[WORK REQUIRED] Write out exactly the lines between the line containing "Elba Excellence EA" and the end of the records, counting both ends, and leave out all pictures.

[RECORD SET]
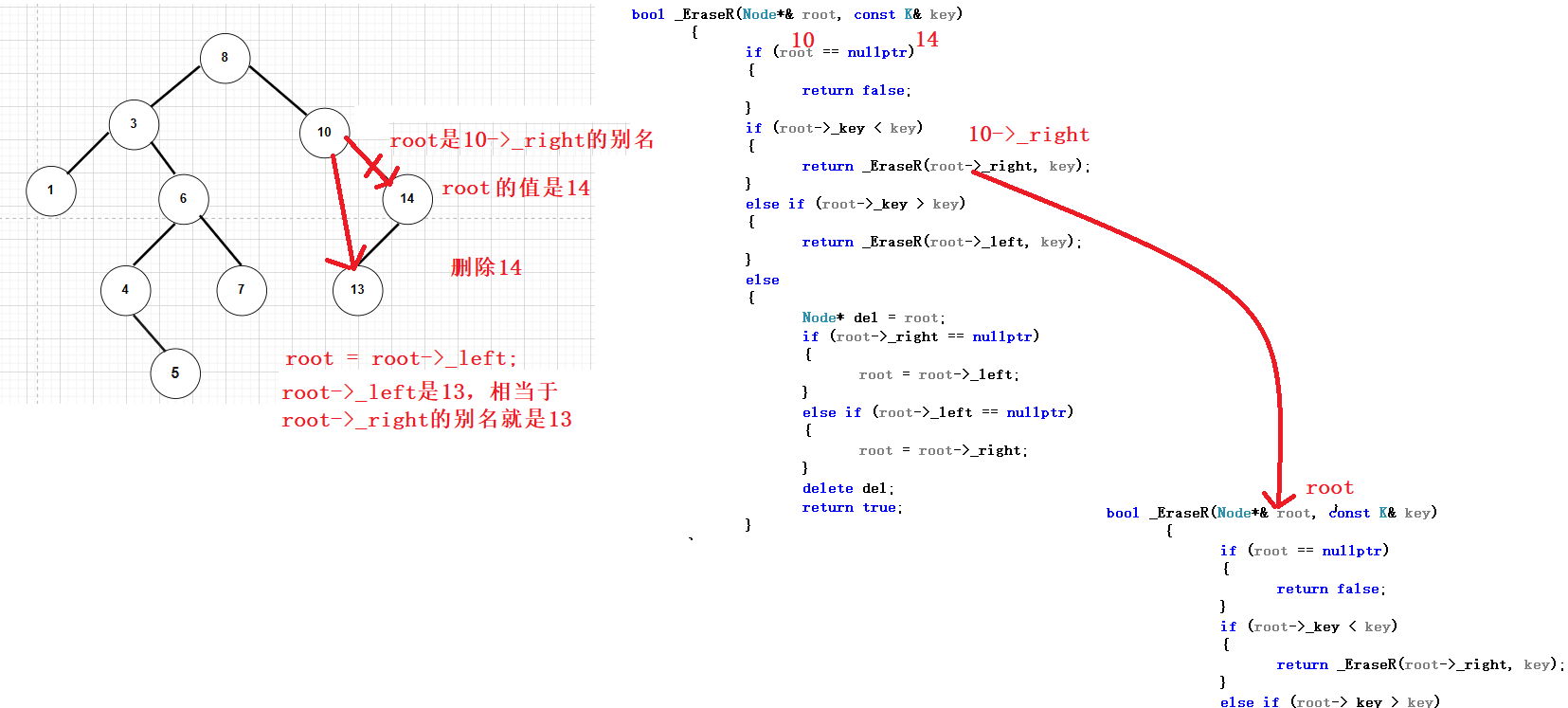 C++二叉搜索樹BSTree如何使用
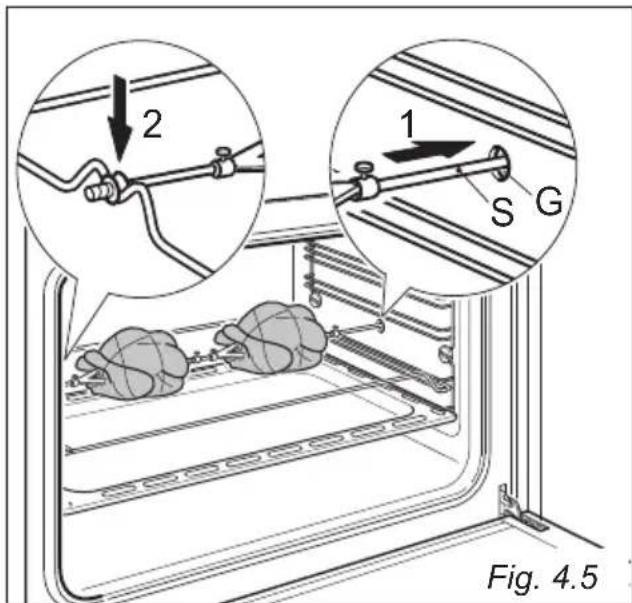 Elba Excellence EA 965 IM - Grilling with the oven door closed. - 3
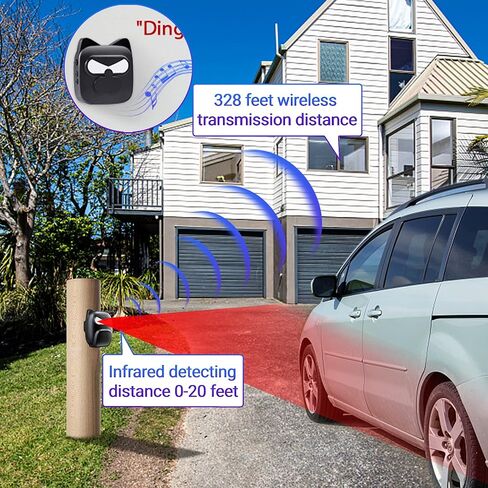 جهاز انذار لاسلكي طويل المدى من بيستون مقاوم للطقس الخارجي يدعم نغمات رنين مختلفة، جهاز استقبال واحد و2 مستشعر حركة مقاوم للماء IP65، نظام انذار امن داخلي وخارجي in Kuwait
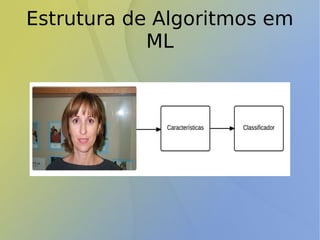 Estrutura de Algoritmos em
ML
 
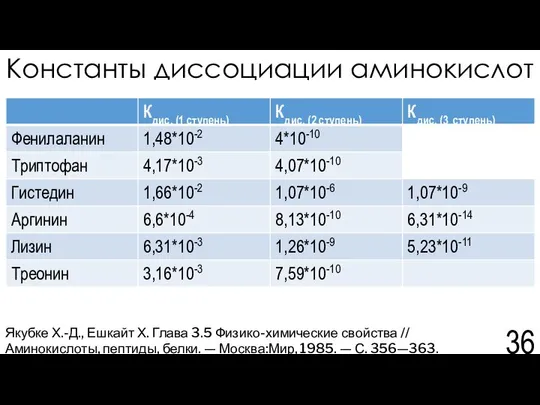 Константы диссоциации аминокислот Якубке Х.-Д., Ешкайт Х. Глава 3.5 Физико-химические свойства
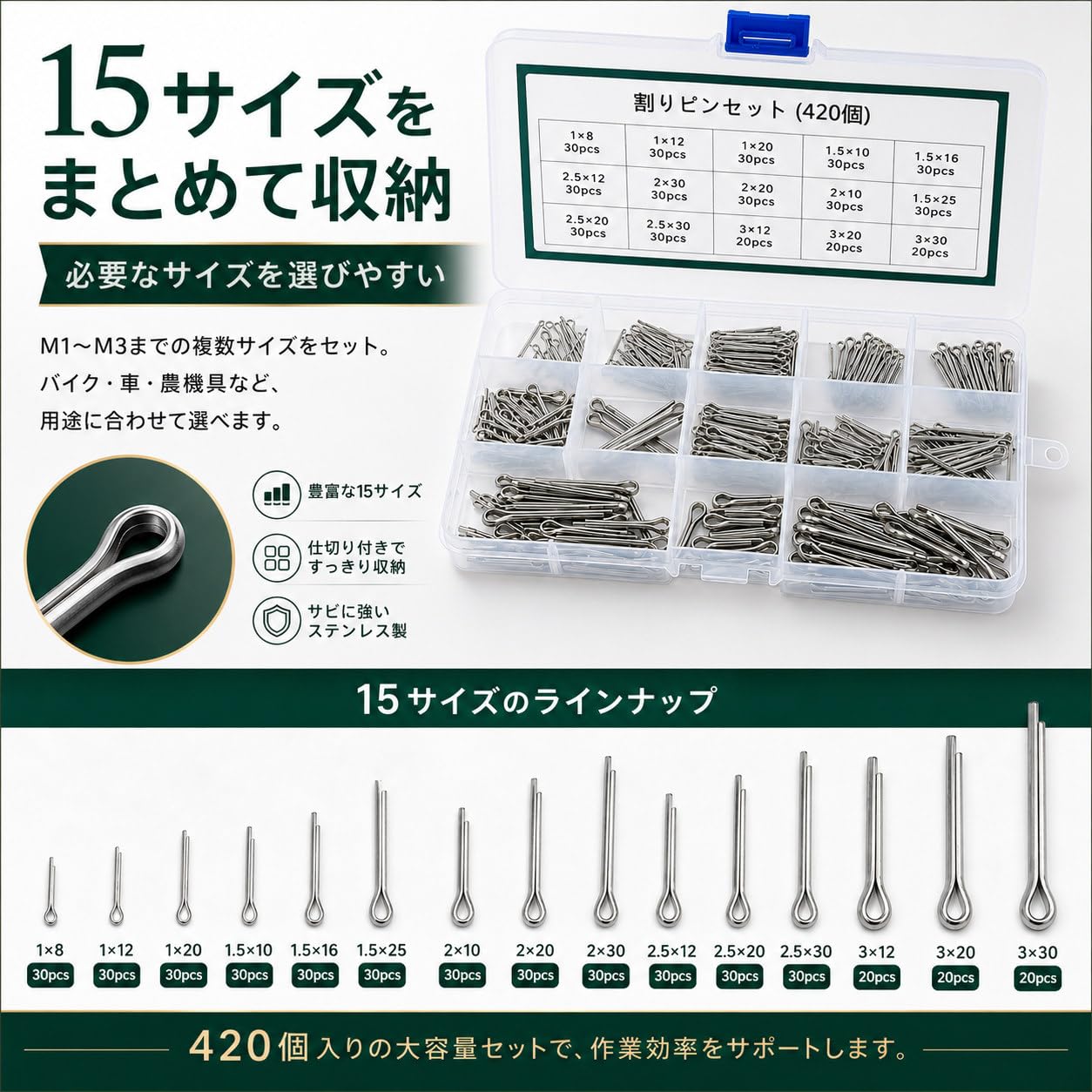 ひらぴーさん　専用　１５個 Amazon | 割りピン 15サイズ 420個セット クリップ コッターピン 304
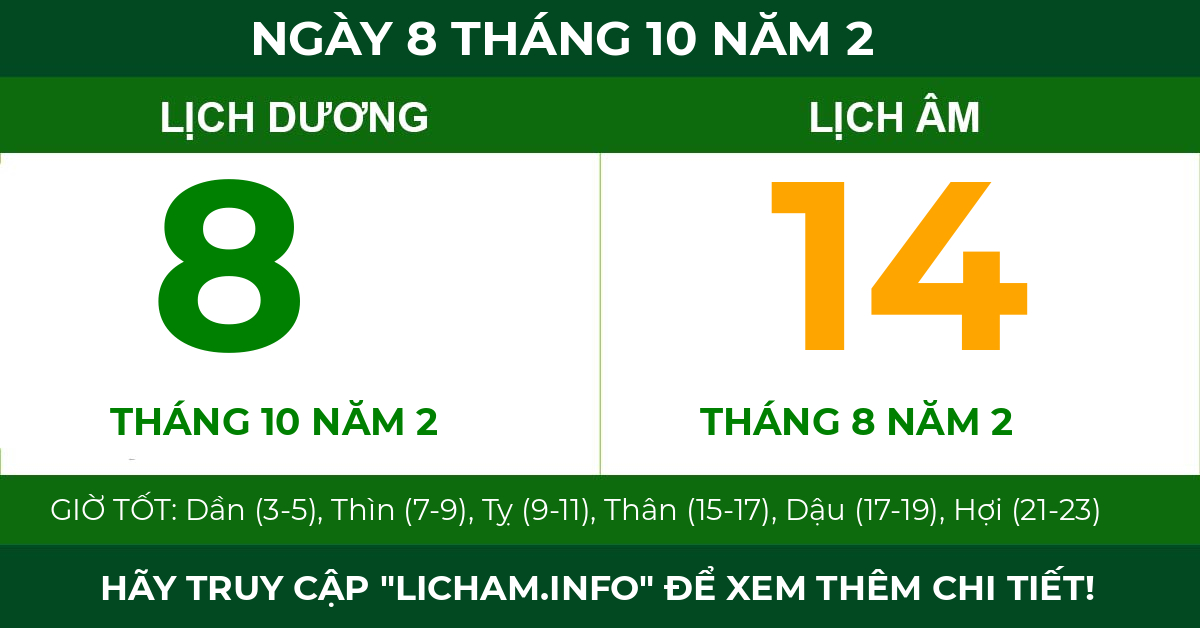 lịch âm ngày 8 tháng 10 năm 2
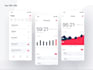 develop daily habit tracker app, daily routine app, habit building app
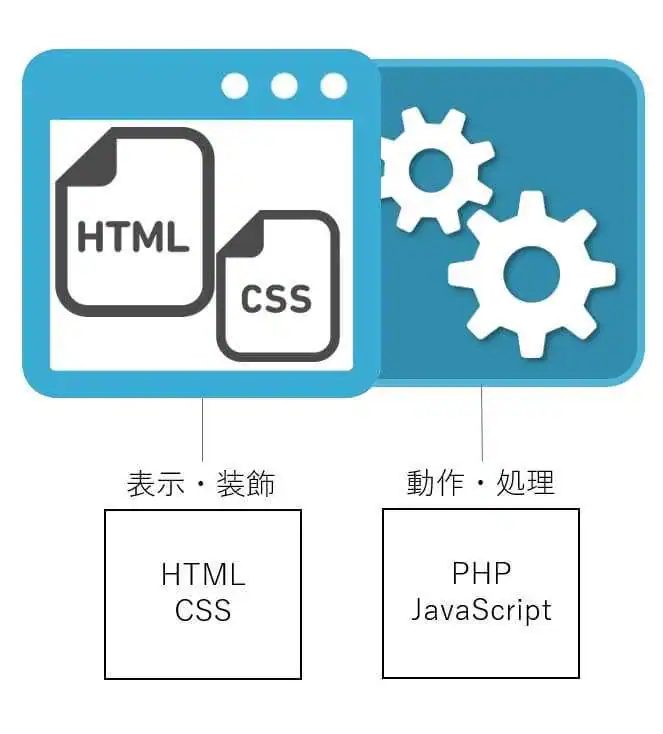 JavaScript図解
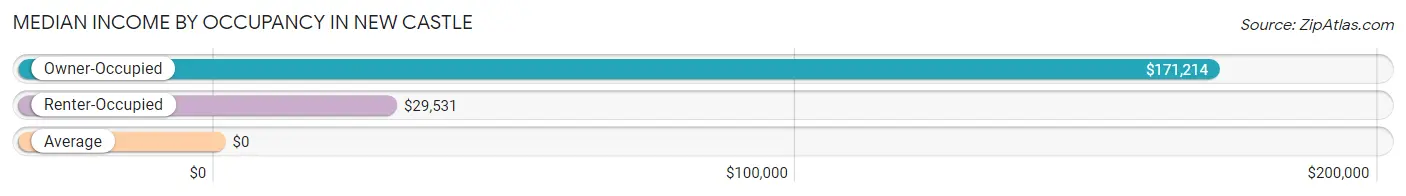 Median Income by Occupancy in New Castle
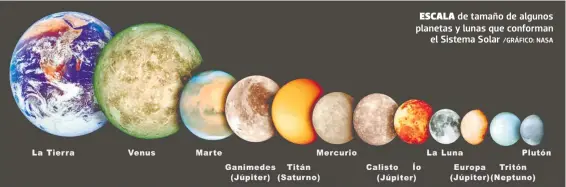  ?? /GRÁFICO: NASA ?? ESCALA de tamaño de algunos planetas y lunas que conforman el Sistema Solar
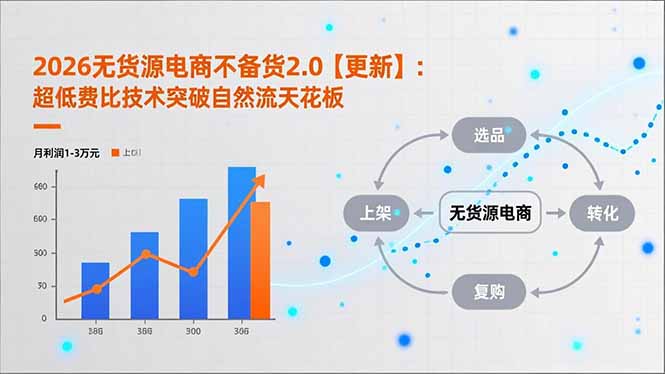 2026无货源电商不备货2.0【更新】:超低费比技术突破自然流天花板,单店月利润1-3万元-龙大资源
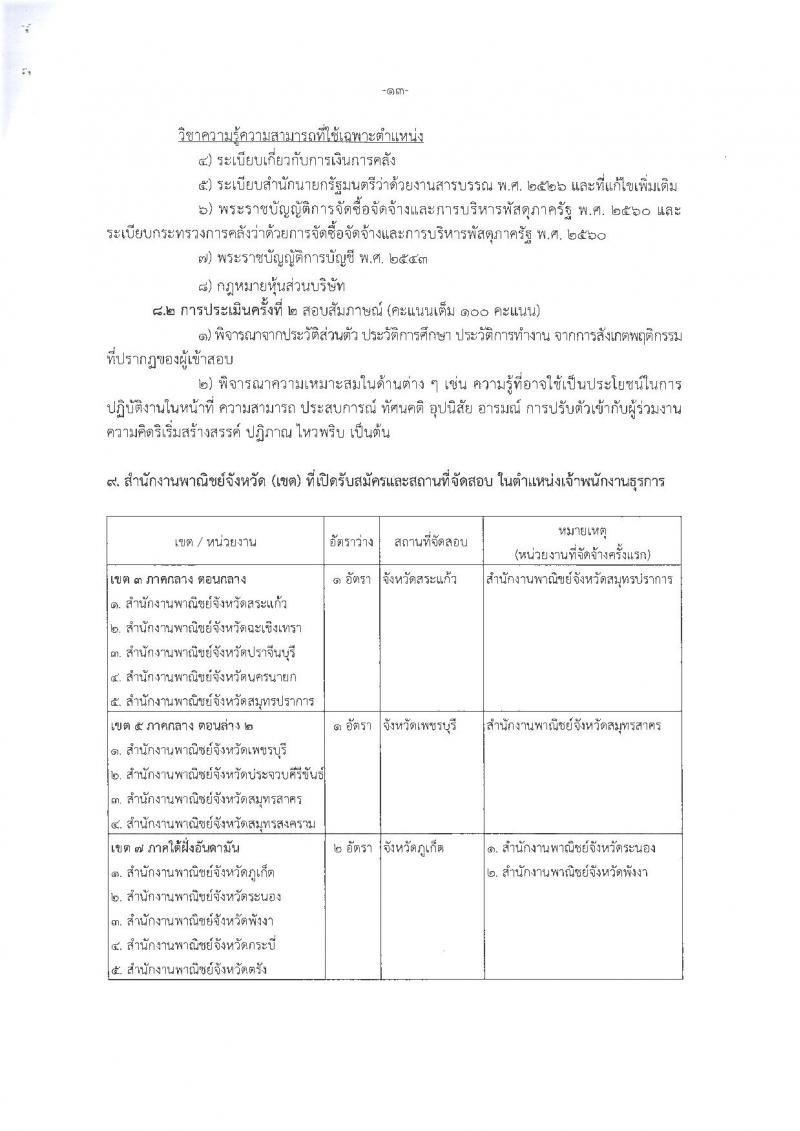 สำนักงานปลัดกระทรวงพาณิชย์ ประกาศรับสมัครบุคคลเพื่อเลือกสรรเป็นพนักงานราชการทั่วไป (ส่วนภูมิภาค) จำนวน 4 ตำแหน่ง 21 อัตรา (วุฒิ ปวส. ป.ตรี) รับสมัครสอบทางอินเทอร์เน็ต ตั้งแต่วันที่ 12-19 ก.พ. 2561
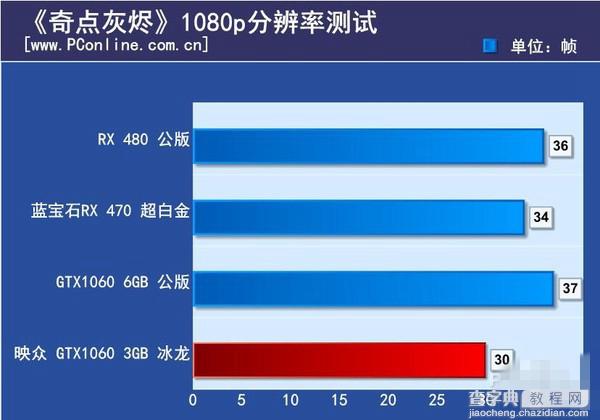 GTX1060 3GB版怎么样 NVIDIA GTX1060 3GB版首发评测(图文)18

[REPLY TO THE TASK]
 Elba Excellence EA 965 IM - Grilling with the oven door closed. - 3
 جهاز انذار لاسلكي طويل المدى من بيستون مقاوم للطقس الخارجي يدعم نغمات رنين مختلفة، جهاز استقبال واحد و2 مستشعر حركة مقاوم للماء IP65، نظام انذار امن داخلي وخارجي in Kuwait
 Estrutura de Algoritmos em
ML
 
 Константы диссоциации аминокислот Якубке Х.-Д., Ешкайт Х. Глава 3.5 Физико-химические свойства
 ひらぴーさん　専用　１５個 Amazon | 割りピン 15サイズ 420個セット クリップ コッターピン 304
 lịch âm ngày 8 tháng 10 năm 2
 develop daily habit tracker app, daily routine app, habit building app
 JavaScript図解
 Median Income by Occupancy in New Castle
  ?? /GRÁFICO: NASA ?? ESCALA de tamaño de algunos planetas y lunas que conforman el Sistema Solar
 2026无货源电商不备货2.0【更新】:超低费比技术突破自然流天花板,单店月利润1-3万元-龙大资源
 สำนักงานปลัดกระทรวงพาณิชย์ ประกาศรับสมัครบุคคลเพื่อเลือกสรรเป็นพนักงานราชการทั่วไป (ส่วนภูมิภาค) จำนวน 4 ตำแหน่ง 21 อัตรา (วุฒิ ปวส. ป.ตรี) รับสมัครสอบทางอินเทอร์เน็ต ตั้งแต่วันที่ 12-19 ก.พ. 2561
 GTX1060 3GB版怎么样 NVIDIA GTX1060 3GB版首发评测(图文)18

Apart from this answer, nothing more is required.